I have a little different perspective. I do no airgun reviews (but I do share comments and thoughts here and on GTA) but I am in Home Depot Seeds program. I get a few emails a month offering me "free stuff" if I will write a review of it. I've gotten some nice things but the program has gone downhill from my point of view. I get 20 days from the time the product ships to complete my review. Doesn't matter if it takes a week or two to get to me. The time is not rigidly enforced, they just bug me, but my point is they want a review very quickly. No real time to get to know the item. So all I can do is basically give first impressions. My reviews are normally positive but if I don't like something I say it. There have been no issues when I make an occasional negative comment.

I suspect airgun reviewers have some of the same time pressures. Many seem to get a "loan" of a gun to review. I don't think that would motivate me to be real positive but perhaps keeping the stream of guns to review going is a motivator to be positive. I definitely agree with the comments about who does the better reviews (although I like Andy, he is overly positive but he will include mild critical comments and he sometimes reviews less expensive guns). But I think all of us look at reviews on a large variety of items (look out for those "Seeds" reviews). We need to read-between-the-lines to get usable input. It would be nice if it wasn't this way but it is.
 
I have a little different perspective. I do no airgun reviews (but I do share comments and thoughts here and on GTA) but I am in Home Depot Seeds program. I get a few emails a month offering me "free stuff" if I will write a review of it. I've gotten some nice things but the program has gone downhill from my point of view. I get 20 days from the time the product ships to complete my review. Doesn't matter if it takes a week or two to get to me. The time is not rigidly enforced, they just bug me, but my point is they want a review very quickly. No real time to get to know the item. So all I can do is basically give first impressions. My reviews are normally positive but if I don't like something I say it. There have been no issues when I make an occasional negative comment.

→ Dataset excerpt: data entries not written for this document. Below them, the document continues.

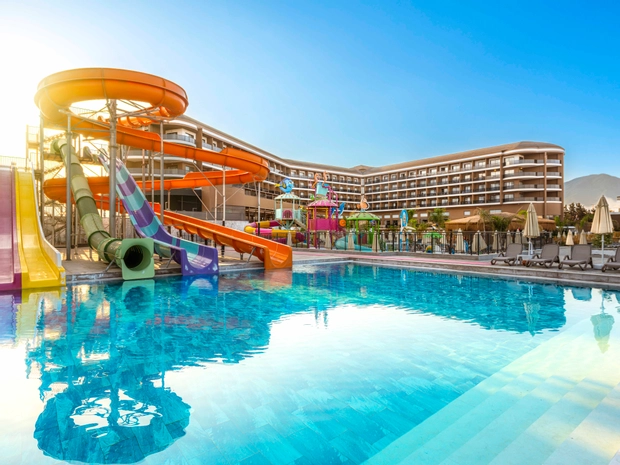 Arsuz Jumanah Premium Hotel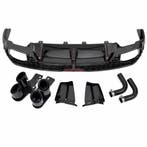 Diffuser With Black Exhaust Tips Voor Audi Q5 S Line/SQ5 FY, Ophalen of Verzenden, Nieuw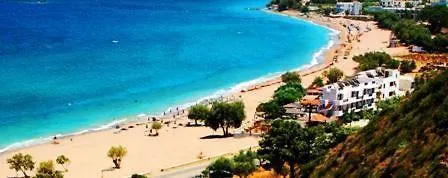 Hotel apartamentowy Bay Watch Karpatos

I suspect airgun reviewers have some of the same time pressures. Many seem to get a "loan" of a gun to review. I don't think that would motivate me to be real positive but perhaps keeping the stream of guns to review going is a motivator to be positive. I definitely agree with the comments about who does the better reviews (although I like Andy, he is overly positive but he will include mild critical comments and he sometimes reviews less expensive guns). But I think all of us look at reviews on a large variety of items (look out for those "Seeds" reviews). We need to read-between-the-lines to get usable input. It would be nice if it wasn't this way but it is.
@JimD A hobby reviewer recently shared that vendors or manufacturers press him for reviews to be put together within a certain timeframe. This is sort of strange to me because it seems to defeat the purpose of someone demonstrating the longterm quality of a product or their competency of getting the most out of a product.